Mon père fût alors pris d’un fou rire incontrôlable et tellement communicatif que tous les autres piliers de bars étaient à présent pliés de rires. Jeanne était gêné, Arthur apeuré. Quand mon père finit par reprendre ses esprits, il répondit en essuyant quelques larmes de rire :

— Ah ça ! Il est vierge de tout crime, je vous le certifie ! Un incapable celui-là...

— Pourrais-je le rencontrer ?

— Grand dieu ça dépend. Quel est votre crime ?

— J'ai tué, tué quelqu'un et j'en éprouve le remords maintenant...

— Ça lui fera pas de mal de parler avec quelqu'un comme vous ! Il comprendra ce qu'est la bêtise humaine !

— Je vous remercie.

—Le pain est bientôt cuit, on va pas tarder. Et vous en êtes où avec le linge Jeanne ? Et Eurydice où qu’elle est ?

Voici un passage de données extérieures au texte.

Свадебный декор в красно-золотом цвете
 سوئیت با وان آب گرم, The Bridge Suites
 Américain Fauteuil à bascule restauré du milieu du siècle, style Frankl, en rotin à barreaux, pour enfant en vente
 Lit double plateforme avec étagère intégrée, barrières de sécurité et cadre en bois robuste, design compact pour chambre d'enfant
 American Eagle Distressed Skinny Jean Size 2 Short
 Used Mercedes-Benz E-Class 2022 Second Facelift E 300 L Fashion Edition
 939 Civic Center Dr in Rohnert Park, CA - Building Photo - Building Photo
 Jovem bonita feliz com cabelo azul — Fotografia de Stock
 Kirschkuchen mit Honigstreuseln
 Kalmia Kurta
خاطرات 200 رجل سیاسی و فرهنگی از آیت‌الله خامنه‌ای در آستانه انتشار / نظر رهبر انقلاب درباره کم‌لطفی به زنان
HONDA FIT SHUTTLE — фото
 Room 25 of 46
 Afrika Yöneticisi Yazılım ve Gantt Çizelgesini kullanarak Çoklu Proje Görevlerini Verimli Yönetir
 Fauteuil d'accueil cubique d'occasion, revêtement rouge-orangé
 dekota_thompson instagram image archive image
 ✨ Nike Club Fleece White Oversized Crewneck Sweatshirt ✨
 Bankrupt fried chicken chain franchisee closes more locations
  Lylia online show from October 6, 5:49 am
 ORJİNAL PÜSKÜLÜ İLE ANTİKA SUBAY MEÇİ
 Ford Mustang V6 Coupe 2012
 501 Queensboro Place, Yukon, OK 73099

—Je vais la chercher, on revient vite promis père !

—Trainez pas, le pain s’ra trop cuit après !

Jeanne quitta la taverne laissant mon père, qui s’était retourné au bar pour boire une nouvelle pinte, seul avec Arthur.

—J’ai cru comprendre que votre fils s’appelait Samaël c’est ça ?

—Ouaip ! Il est pas méchant, mais il aurait été mieux dans ses pompes s’il avait était une nana croyez-moi !

—Si vous le dites.

—Et vous c’est quoi votre nom mon p’tit gars ?

A cet instant précis, Arthur avait compris qu’il n’était pas tombé sur un simple villageois, car au-delà de cette question, si simple en apparence, se terrait dans les yeux de mon père la fougue de ces commerciaux qu’on ne pouvait pas duper et ça, ça avait eu le mérite de tenir Arthur en respect. Toujours est-il qu’il n’eut pas eu le temps de répondre qu’Eurydice et Jeanne avaient franchi la porte de la taverne :

—Ah bah bon dieu ! J’vous attendais moi hein ! Bon aller, on prend le pain et cet artisan-là et on se rentre ! avait beugler mon père en donnant une grande claque bien cinglante dans le dos d’Arthur.

Perceval, qui suivait Arthur à sa demande tout en se tenant à l'écart, fût soulager d’enfin le voir sortir de la taverne. Arthur arborait une grimace et suivait un père et ses deux filles.

—Et bah, on dirait que vous n’avez pas perdu de temps sire. Se dit Perceval à lui-même.